Robin van Spaandonk wrote:

I heard on TV last night that the level of private debt in the US is
$41 trillion. Imagine what is going to happen if the banks start calling in
*all* their loans.

Precisely. That's what people like Warren Buffett are worried about. 
They are not concerned about the fate of highroller Wall Street 
investors. Buffett has expressed contempt for such people many times.

I have no idea if that $41 trillion figure is accurate or not. I have 
heard various estimates. I think a large part of the problem is that 
no one has any idea what the true number is, or who owes what to whom 
for what property. As OrionWorks says, more transparency is essential.

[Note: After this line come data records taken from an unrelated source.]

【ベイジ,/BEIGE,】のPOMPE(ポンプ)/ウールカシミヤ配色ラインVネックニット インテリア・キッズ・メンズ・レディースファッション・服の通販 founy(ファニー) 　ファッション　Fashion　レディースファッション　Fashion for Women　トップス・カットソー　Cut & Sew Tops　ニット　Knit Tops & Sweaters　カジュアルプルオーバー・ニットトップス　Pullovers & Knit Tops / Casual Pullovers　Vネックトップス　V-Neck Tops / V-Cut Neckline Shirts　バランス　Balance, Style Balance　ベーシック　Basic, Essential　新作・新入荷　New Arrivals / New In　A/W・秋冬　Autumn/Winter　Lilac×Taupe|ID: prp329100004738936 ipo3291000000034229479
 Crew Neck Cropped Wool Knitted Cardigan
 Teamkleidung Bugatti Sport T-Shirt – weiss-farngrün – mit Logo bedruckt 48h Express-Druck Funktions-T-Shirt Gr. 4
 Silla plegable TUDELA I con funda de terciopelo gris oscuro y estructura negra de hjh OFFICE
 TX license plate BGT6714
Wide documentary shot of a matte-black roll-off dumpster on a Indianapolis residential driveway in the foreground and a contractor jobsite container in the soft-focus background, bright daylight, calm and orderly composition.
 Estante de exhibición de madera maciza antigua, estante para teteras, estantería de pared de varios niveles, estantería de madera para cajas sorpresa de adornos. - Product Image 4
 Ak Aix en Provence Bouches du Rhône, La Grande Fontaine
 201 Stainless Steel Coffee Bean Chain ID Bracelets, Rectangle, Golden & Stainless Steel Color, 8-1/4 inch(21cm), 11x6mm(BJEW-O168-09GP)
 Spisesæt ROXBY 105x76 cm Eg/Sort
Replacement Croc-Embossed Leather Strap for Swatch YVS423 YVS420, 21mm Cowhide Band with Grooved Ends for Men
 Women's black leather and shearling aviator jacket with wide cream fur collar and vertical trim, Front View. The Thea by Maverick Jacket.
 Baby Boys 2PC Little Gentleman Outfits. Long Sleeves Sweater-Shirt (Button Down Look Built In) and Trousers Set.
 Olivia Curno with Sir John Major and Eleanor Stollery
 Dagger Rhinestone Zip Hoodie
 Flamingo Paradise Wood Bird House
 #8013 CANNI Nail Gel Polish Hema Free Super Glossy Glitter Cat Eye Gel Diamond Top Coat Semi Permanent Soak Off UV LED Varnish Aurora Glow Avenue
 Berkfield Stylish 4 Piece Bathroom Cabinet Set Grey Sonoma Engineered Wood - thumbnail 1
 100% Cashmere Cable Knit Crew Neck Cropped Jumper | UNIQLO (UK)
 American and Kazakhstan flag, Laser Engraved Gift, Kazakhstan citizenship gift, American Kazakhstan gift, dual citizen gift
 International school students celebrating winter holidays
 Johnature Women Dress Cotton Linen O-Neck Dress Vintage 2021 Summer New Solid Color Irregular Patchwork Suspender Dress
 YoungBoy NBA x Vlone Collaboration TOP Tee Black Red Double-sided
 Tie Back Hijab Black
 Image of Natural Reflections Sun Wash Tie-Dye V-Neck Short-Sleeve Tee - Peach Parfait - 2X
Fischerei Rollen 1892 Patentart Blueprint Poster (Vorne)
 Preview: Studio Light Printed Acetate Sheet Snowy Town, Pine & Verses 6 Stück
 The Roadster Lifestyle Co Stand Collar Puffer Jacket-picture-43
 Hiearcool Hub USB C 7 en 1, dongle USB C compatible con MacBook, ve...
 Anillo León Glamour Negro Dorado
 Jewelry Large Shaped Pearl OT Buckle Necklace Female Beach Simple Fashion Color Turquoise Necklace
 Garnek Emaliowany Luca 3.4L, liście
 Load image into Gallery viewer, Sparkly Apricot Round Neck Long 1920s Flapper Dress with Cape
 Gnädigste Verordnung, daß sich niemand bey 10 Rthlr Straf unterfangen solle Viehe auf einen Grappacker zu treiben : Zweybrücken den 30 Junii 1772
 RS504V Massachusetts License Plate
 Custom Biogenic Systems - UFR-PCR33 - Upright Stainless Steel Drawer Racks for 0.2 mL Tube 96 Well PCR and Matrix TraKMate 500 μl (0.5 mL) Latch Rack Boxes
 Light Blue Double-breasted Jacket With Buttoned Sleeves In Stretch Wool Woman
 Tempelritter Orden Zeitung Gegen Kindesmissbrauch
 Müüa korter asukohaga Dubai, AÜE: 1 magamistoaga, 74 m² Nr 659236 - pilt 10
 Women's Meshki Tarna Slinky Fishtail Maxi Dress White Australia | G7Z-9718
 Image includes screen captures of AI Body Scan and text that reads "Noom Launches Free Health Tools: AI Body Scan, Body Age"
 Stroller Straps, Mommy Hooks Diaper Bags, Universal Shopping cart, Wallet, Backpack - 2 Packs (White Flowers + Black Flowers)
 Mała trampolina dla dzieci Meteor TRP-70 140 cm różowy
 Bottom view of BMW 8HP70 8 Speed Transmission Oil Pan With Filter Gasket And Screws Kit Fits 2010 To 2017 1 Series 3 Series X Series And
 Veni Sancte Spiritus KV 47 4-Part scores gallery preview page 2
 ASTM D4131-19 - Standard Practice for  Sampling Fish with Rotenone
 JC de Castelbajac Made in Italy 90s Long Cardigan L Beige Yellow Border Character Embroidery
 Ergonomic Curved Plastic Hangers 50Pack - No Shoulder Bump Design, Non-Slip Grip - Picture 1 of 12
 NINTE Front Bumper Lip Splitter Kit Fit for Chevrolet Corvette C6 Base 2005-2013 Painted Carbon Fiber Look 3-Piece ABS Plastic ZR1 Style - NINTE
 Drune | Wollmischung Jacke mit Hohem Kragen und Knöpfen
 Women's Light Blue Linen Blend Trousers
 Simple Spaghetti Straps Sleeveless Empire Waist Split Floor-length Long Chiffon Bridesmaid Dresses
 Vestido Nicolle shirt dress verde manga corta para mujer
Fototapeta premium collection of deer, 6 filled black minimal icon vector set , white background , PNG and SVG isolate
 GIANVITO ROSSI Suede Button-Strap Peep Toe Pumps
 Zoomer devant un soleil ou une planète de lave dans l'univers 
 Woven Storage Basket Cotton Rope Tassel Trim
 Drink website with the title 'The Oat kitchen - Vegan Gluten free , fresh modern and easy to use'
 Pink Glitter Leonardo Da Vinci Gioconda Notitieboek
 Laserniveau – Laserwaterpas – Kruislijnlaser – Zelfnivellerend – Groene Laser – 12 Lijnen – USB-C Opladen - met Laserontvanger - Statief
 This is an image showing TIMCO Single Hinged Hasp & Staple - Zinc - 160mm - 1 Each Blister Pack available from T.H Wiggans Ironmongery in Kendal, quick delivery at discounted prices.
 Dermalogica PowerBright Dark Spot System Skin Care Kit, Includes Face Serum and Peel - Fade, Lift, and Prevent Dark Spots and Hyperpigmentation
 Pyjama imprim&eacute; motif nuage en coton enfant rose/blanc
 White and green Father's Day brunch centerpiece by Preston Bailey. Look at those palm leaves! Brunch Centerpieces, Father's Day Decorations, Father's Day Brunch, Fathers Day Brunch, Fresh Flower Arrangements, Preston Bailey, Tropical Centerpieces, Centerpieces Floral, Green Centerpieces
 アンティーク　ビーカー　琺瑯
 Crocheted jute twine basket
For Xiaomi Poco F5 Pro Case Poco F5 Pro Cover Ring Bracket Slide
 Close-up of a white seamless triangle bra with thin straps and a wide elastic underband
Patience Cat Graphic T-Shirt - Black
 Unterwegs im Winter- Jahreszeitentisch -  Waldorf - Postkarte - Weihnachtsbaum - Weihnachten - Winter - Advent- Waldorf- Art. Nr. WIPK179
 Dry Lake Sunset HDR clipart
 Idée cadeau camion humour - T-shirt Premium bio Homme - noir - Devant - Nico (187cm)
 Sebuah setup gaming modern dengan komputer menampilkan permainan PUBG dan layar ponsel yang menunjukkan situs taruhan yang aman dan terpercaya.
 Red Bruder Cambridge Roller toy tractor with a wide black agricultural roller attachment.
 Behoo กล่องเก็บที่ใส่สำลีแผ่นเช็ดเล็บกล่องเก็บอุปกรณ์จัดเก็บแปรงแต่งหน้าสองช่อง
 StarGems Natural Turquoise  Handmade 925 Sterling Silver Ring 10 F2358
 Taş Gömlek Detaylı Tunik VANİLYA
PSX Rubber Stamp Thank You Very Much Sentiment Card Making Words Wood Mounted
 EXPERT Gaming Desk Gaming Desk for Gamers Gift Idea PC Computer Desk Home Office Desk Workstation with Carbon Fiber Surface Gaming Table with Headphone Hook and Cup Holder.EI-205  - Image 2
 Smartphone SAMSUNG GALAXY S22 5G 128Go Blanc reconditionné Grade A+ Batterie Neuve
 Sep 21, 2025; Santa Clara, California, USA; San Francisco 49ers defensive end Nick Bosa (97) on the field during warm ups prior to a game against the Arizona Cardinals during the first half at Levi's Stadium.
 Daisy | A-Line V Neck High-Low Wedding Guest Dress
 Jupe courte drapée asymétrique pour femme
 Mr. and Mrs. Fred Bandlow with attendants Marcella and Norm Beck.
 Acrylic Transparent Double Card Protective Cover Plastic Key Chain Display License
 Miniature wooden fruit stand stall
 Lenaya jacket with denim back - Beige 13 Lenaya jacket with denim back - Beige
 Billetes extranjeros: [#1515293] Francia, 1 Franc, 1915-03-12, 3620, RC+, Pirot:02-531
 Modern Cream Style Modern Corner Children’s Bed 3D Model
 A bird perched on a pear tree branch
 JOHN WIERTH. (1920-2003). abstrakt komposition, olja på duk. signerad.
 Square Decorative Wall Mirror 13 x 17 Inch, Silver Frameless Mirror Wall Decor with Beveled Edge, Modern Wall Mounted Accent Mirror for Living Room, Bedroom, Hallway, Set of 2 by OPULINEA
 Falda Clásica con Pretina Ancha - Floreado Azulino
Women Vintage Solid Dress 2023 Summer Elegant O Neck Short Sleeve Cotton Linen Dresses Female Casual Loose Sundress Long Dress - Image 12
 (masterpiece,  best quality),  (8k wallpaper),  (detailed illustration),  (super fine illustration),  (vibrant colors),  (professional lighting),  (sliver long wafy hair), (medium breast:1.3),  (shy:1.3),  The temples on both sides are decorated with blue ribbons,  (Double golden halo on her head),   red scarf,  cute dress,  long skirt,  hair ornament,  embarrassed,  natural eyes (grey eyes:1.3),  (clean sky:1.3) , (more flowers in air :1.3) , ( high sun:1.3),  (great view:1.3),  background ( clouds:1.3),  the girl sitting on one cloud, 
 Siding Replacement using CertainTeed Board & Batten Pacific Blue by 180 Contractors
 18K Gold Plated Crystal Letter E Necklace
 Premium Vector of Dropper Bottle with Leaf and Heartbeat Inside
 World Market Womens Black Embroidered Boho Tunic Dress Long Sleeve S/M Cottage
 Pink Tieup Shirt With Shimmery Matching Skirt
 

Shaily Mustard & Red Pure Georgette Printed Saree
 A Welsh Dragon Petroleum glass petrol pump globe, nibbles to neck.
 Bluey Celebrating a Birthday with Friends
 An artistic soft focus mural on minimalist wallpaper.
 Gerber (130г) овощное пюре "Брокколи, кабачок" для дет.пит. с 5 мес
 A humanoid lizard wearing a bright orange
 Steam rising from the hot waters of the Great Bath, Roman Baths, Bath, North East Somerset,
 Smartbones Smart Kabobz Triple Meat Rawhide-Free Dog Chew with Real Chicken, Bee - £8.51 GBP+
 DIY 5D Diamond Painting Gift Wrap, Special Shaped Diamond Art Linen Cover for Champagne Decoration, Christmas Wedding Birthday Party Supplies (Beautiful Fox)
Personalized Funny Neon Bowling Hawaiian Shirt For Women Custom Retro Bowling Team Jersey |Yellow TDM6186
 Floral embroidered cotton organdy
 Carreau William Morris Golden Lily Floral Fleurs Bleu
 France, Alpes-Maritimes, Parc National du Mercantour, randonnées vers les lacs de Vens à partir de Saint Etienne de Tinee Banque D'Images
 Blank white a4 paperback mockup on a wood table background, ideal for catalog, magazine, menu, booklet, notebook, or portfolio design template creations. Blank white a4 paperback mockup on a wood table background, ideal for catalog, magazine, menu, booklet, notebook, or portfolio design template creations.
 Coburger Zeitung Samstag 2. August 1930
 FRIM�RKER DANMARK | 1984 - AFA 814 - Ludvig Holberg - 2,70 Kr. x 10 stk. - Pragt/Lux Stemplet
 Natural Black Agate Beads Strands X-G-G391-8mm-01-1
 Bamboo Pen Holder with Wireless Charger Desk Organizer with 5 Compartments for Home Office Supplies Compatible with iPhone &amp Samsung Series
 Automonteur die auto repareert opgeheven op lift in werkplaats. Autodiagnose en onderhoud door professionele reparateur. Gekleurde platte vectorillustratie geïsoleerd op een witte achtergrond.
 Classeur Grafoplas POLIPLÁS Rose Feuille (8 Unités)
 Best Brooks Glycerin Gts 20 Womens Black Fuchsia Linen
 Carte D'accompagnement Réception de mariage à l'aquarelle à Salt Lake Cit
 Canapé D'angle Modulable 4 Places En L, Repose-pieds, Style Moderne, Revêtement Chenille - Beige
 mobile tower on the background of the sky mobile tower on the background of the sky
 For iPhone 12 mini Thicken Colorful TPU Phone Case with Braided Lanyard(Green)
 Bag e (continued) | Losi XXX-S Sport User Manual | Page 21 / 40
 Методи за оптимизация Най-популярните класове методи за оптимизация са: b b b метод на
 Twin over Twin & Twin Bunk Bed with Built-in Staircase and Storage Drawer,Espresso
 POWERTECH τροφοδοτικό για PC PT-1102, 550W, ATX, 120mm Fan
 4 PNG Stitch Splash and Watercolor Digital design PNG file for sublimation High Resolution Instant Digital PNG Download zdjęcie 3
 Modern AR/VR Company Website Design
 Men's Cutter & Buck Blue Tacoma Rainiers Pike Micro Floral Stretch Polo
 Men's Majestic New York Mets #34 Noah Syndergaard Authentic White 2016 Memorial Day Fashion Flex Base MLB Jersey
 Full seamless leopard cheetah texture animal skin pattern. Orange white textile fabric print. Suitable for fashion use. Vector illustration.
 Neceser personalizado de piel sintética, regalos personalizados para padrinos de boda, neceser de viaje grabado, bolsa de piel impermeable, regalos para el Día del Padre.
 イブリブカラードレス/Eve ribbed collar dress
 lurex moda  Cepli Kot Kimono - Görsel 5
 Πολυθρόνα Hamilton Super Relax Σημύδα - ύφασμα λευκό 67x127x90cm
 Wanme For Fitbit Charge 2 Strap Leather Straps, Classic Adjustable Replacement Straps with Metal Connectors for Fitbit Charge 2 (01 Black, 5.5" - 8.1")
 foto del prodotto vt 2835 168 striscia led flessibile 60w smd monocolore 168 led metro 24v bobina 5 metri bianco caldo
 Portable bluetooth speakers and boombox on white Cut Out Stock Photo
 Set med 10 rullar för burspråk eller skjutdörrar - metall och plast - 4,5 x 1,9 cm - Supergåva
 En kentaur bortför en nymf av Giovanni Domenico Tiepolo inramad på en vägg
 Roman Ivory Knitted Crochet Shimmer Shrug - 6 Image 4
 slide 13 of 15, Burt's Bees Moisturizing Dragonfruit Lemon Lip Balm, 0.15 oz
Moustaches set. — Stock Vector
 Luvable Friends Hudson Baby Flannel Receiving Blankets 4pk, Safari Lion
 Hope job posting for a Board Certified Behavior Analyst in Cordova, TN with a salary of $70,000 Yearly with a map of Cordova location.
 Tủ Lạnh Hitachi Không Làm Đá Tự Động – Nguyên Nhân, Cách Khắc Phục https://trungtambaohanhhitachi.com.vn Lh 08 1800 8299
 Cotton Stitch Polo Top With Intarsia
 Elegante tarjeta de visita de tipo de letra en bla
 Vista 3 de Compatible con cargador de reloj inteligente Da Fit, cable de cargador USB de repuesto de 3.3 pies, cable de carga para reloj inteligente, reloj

I read the other day a proposal that publicly traded corporations 
should be compelled to keep all of their financial books on the 
Internet. I wonder if something like that could be done with banks as 
well. That is, with any bank that is federally insured. The ones that 
are not should be allowed to collapse as far as I am concerned . . . 
although I suppose they are the ones who hold $41 trillion in debt -- 
I wouldn't know.

Although I know next to nothing about this, along with everyone else 
I am getting a quick education from the newspapers. I get the 
distinct impression that the so-called experts at banks and insurance 
companies and the Federal Reserve are a bunch of blundering amateurs. 
They know much less than they thought they did, or that I assumed 
they did. The mistakes they have made -- such as not checking 
collateral -- seem elementary to me. A pair of British comedians 
summarized the situation better than most financial experts I have 
read, Bird and Fortune - Subprime Crisis. See:

http://www.youtube.com/watch?v=mzJmTCYmo9g

Sometimes experts turn out to be real experts -- people you can rely 
on. This is usually the case with engineering and other well-defined 
disciplines. Sometimes we find they are expert at all. We have seen 
this in cold fusion and other narrow scientific disciplines, 
multidisciplinary studies, and situations in which few people are 
aware of the facts, and few people have done their homework.

It would be very surprising if experts in plasma fusion were wrong, 
because that subject has been widely studied and many textbooks and 
papers have been written about it. It is less surprising that people 
like Huizenga who appointed themselves experts in cold fusion a week 
after March 23, 1989 turned out to be wrong.